Tutti spiano tutti. Guardare nella vita degli altri è entrato nella antropologia del Paese. “Chiunque può farlo, e lo fa“, dice il ministro Crosetto oggi alle prese con un’altra grana non meno inquietante: Israele che spara sui caschi blu italiani. Una sfida all’Onu; fatto mai accaduto in passato. Un fatto impensabile o quantomeno inaspettato perché inconcepibile se non addirittura irrealistico. Ma tant’è, è accaduto. E non per caso, la stessa cosa si deve dedurre con l’attivismo delle spie nostrane. Un campionario di guardoni insospettabili. Come gli ultimi tre scoperti con le mani nella marmellata: il finanziere dell’antimafia con la passione per i dossier; l’hacker con le tasche piene di bitcoin; l’impiegato di banca naturalmente modello che ha ficcato il naso dentro seimila conti correnti più o meno eccellenti; il bancario spione, già che c’era, ha sfruculiato in 679 filiali di Intesa Sanpaolo, sparse in tutta Italia. La domanda sorge spontanea: lorsignori hanno fatto tutto da soli? C’è da dubitare. E poi: hanno avuto mandanti?
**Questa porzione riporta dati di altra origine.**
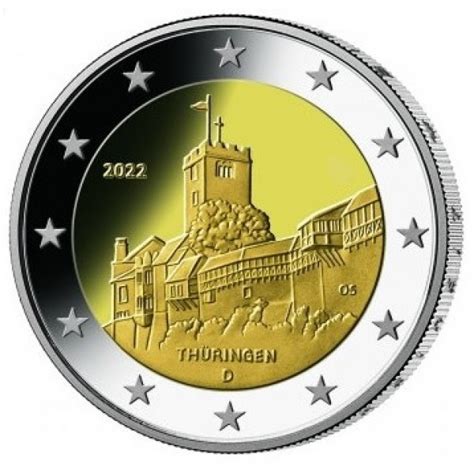 Pièce 2 Euro Commémorative Allemagne 2022 Thüringen Wartburg Atelier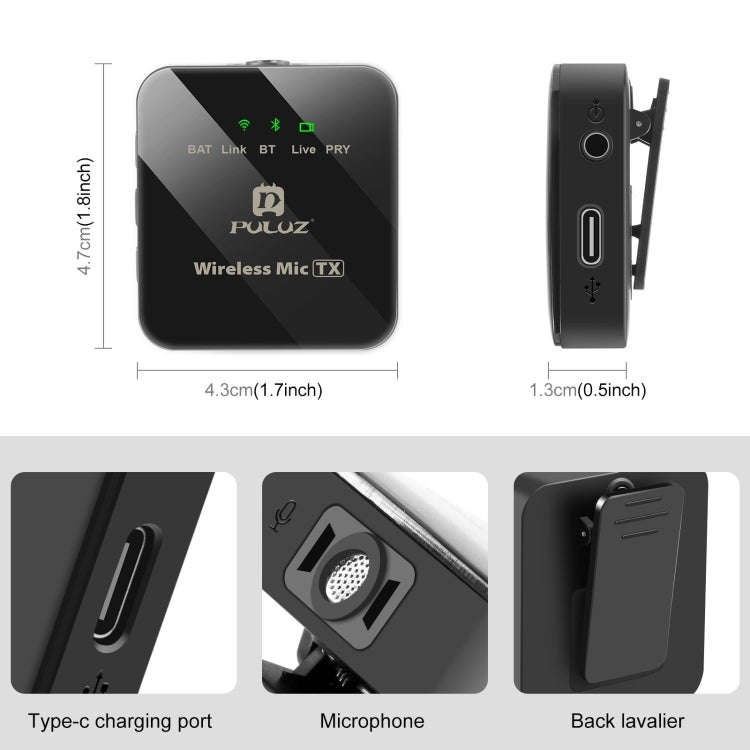 PULUZ Wireless Lavalier Microphone for iPhone / iPad, 8-Pin Receiver (Black)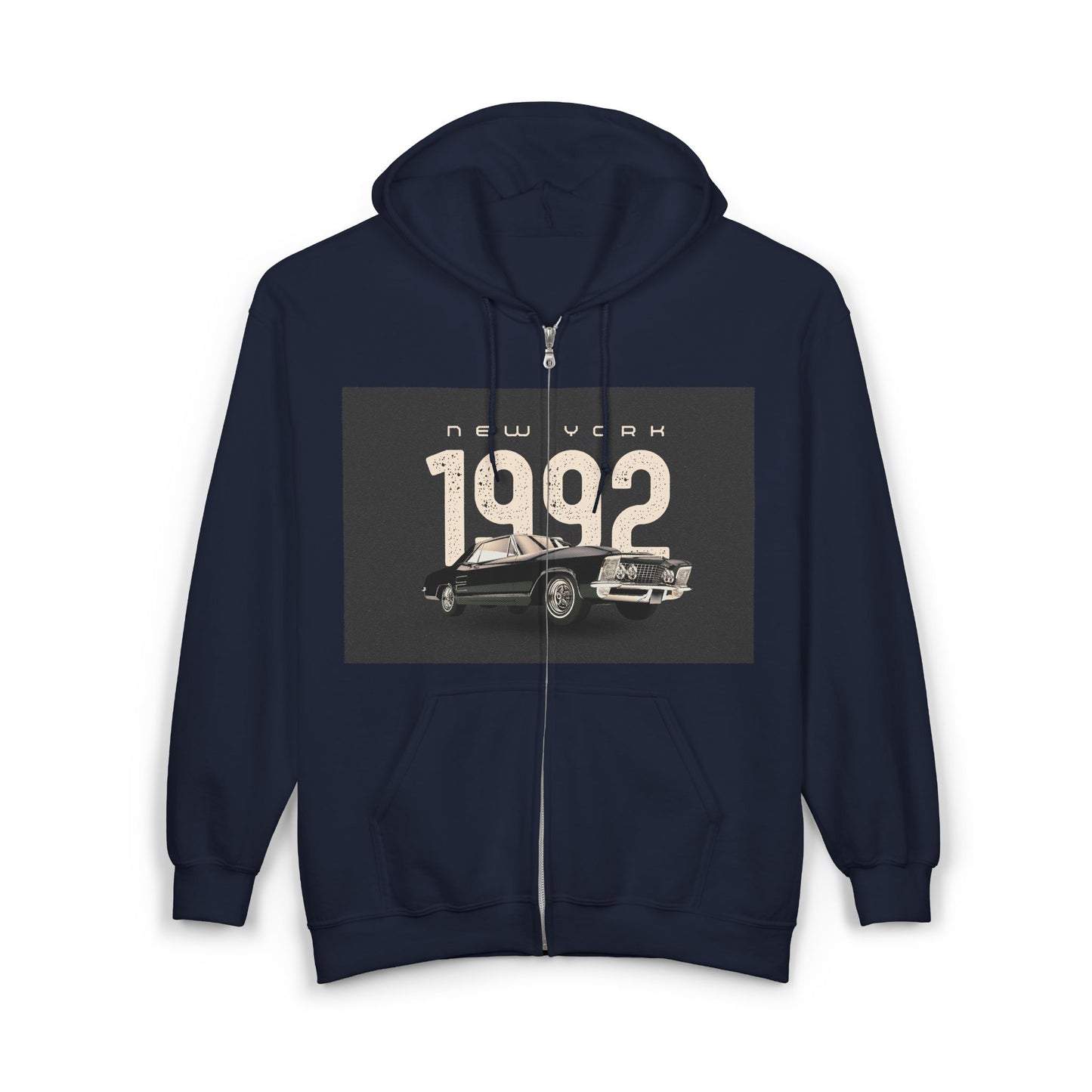Sweat à Capuche Vintage 1992 New York Unisexe avec Zip, Hoodie Rétro, Cadeau pour Passionnés d'Auto, Vêtement Nostalgie Années 90
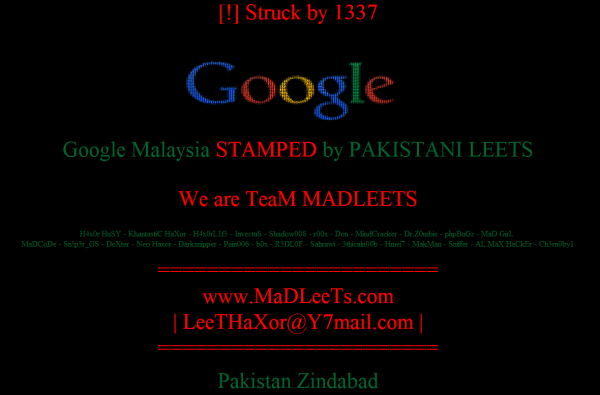 Google Malezja hacked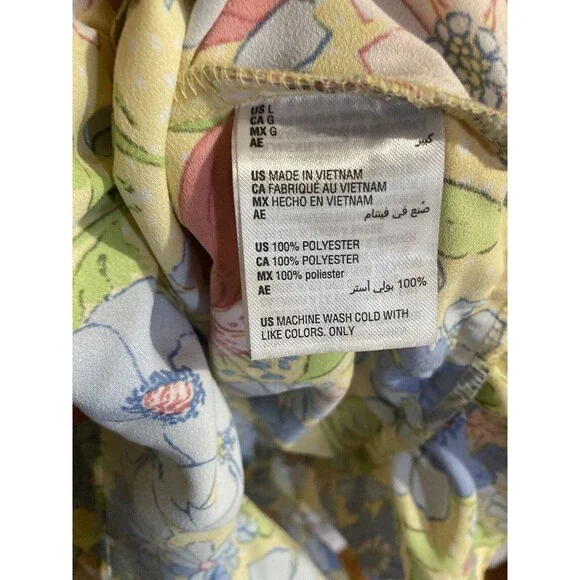 BAR III Womens Large Hello Yellow Adjustable Spaghetti Strap Dress Ruffles New - Picture 5 of 9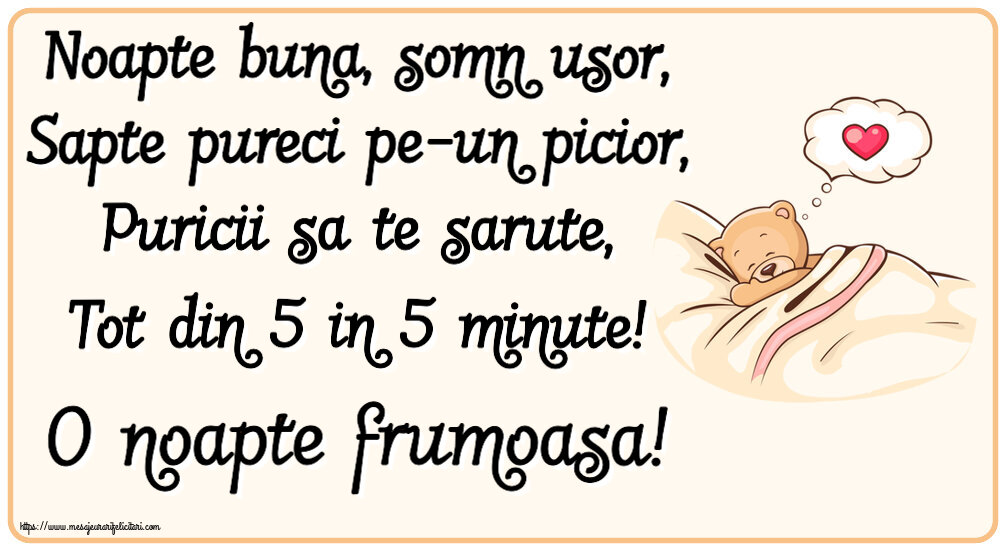 Noapte buna, somn usor, Sapte pureci pe-un picior, Puricii sa te sarute, Tot din 5 in 5 minute! O noapte frumoasa!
Un formidabile strumento di potere

Se è vero che i dati sono il nuovo petrolio della quarta rivoluzione industriale, gli accessi infedeli ai database che li contengono (e i relativi dossieraggi) cominciano a diventare il centro della Politica innescando, come sta già accadendo, la teoria dei complotti. In altre parole, questo patrimonio di dati è un formidabile strumento di Potere da usare in proprio per ricatti da mettere a disposizione di soggetti (finora) ignoti. E come osserva Augusto Minzolini, ciò apre scenari nuovi e allarmanti se non addirittura minacciosi. Certo, “un tempo era tutto più chiaro. Nell’ombra agivano anche soggetti istituzionali, magari deviati, come i servizi segreti”. Non è più così. Oggi, appunto, “tutti spiano tutti”, come dice il ministro friulano Luca Ciriani (il fratello Alessandro è l’attuale sindaco di Pordenone). Il che fa pensare a quanto possa essere destabilizzante un eventuale “mercato nero” dei dati sensibili. E vien da chiedersi: ma chi comanda realmente in questo Paese?

Caccia ai misteriosi mandanti

Anche il procuratore generale Raffaele Cantone – napoletano, magistrato e saggista, a lungo Consulente della Commissione parlamentare antimafia – sospetta che dietro ai manovali informatici (di norma gente comune) ci siano possibili “burattinai”. E con due guerre che ci coinvolgono – una ad est ed una a sud – è lecito domandarsi: quanti sono quelli che non conosciamo? Perché, su richiesta di chi, con quali finalità, lorsignori si danno da fare? La caccia ai possibili mandanti è doverosa e urgente.